At first glance, Rocketmen: The Axis of Evil might appear to be just another top-down shooter patterned after Robotron, Smash TV, or Geometry Wars. The mix of RPG elements, however, sets it apart.
You create your hero and then traverse the solar system through 10 different maps. The levels are mostly linear. There is some variation in terrain and secondary objectives to be completed, but otherwise, a couple branching paths in a couple levels can't save the game from being a linear experience. Throughout the game you'll be picking up weapons, shooting enemies, and otherwise blowing stuff apart to save the galaxy, gain experience, and upgrade your equipment (in order of importance). Primary controls are mapped to the thumbsticks: shooting with the right thumbstick and moving with the left. You can also deploy secondary weapons by making use of the triggers; left one cycles through available options, while the right one deploys the selected weapon or power-up.

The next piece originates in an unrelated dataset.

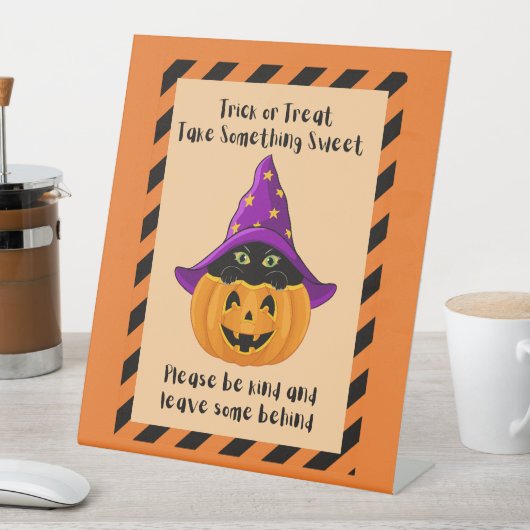 Halloween Trick oder Treat Kürbiskürbiskatzenkusch Sockelschild (In Situ)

The character customization may not be as deep as many RPG aficionados would like. You can create your own protagonist, male or female. You can also choose from interstellar species including: Mercurian, Venusian, or a rebel human. The classes aren't really well defined, but they provide your character with a different costume and a single attribute boost. Where it really shines is allowing you to reinvest your experience points into your attributes. Your shots will then become more powerful, your health meter will deplete slower with damage, and your speed will become fast enough to actually dodge enemy fire and make it through the many misadventures in which you may find yourself.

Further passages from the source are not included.